Avec sa relativité restreinte, Einstein nous a appris que le mouvement est relatif. Tant qu’on ne change pas de direction ou de vitesse, on a l’impression d’être immobile. À tel point d’ailleurs que si, par exemple, deux vaisseaux spatiaux se croisent, chacun d’eux aura l’impression que c’est l’autre qui est en mouvement. Sans autre point de repère, il est impossible de savoir, du point de vue de chacun, lequel dit vrai.
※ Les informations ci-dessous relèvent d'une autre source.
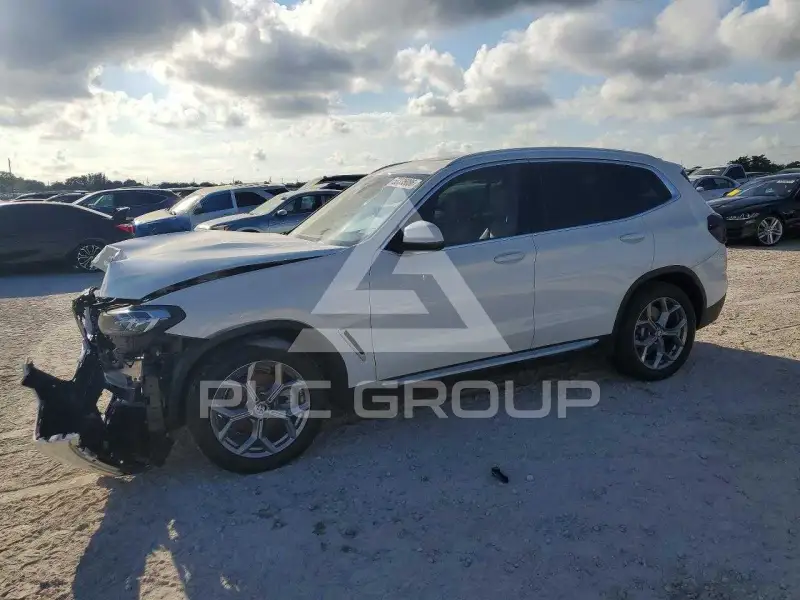 2022 BMW X3 фото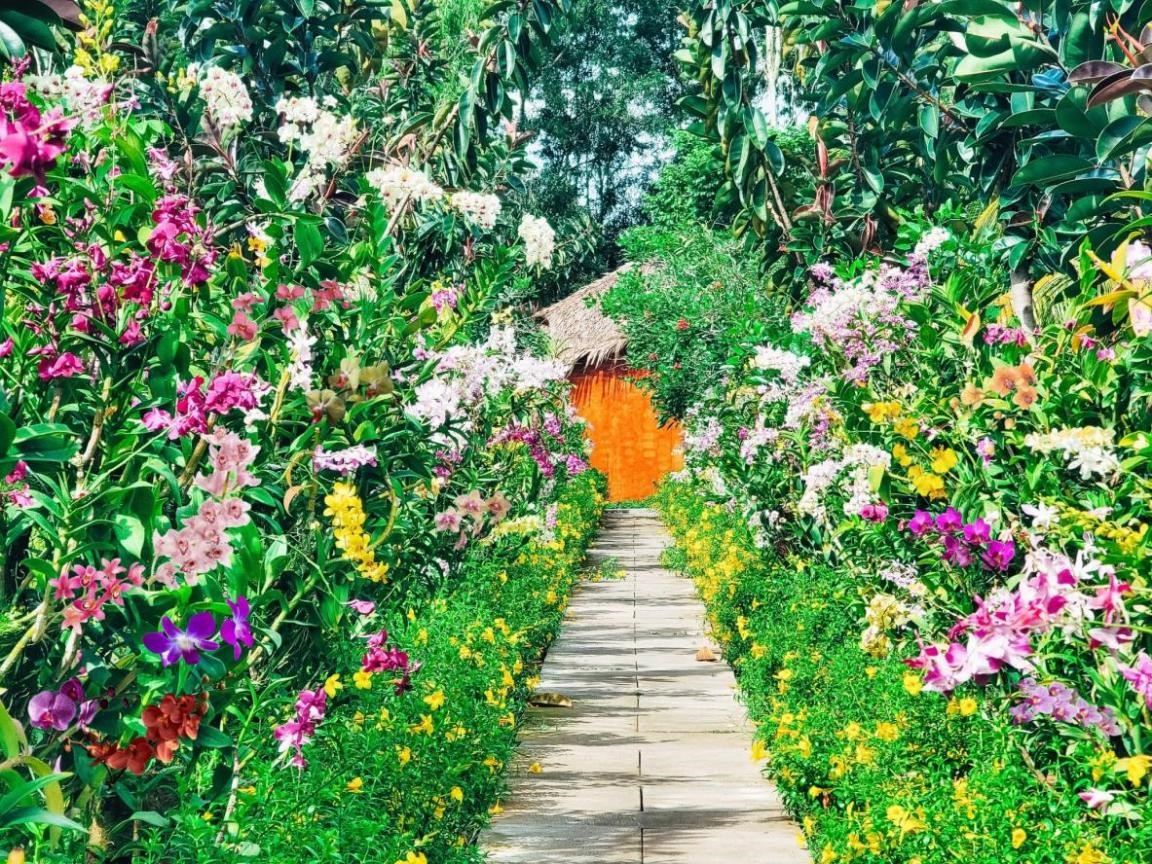 The four-season flower garden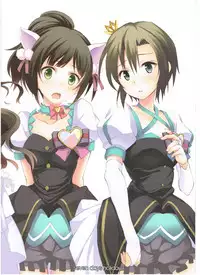 (COMIC1☆9) [Seven Days Holiday (Shinokawa Arumi, Koga Nozomu)] HAPPY! HAPPY? (THE IDOLM@STER CINDERELLA GIRLS)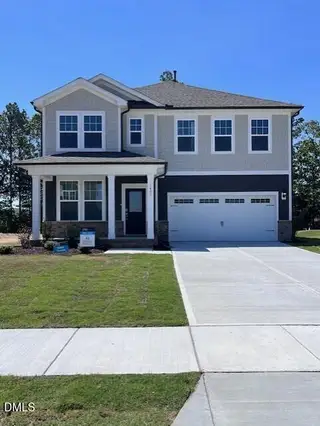 New construction Single-Family house 1405 Green Cypress Dr, Zebulon, NC 27597 plan Pelham - image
Quand je consulte les actualités ou que j’observe simplement autour de moi, j’ai l’impression que tout dégringole à grande vitesse. Le système québécois semble s’écrouler, les hôpitaux, les écoles et les services aux gens en détresse arrivent de moins en moins à répondre à la demande. La classe moyenne croule sous les dettes au profit des plus riches pendant que les plus pauvres, les édentés se ghettoïsent, armés jusqu’aux… La culture s’engloutit vers un anglais de 88 mots qui ne sert qu’à commander un café chez Tim Hortons ou un iPhone chez Amazon. Les infrastructures se dégradent à un rythme impossible à gérer. Pendant que l’on construit des pistes cyclables au milieu des centaines de milliers de voitures, l’environnement rallonge l’été jusqu’en novembre.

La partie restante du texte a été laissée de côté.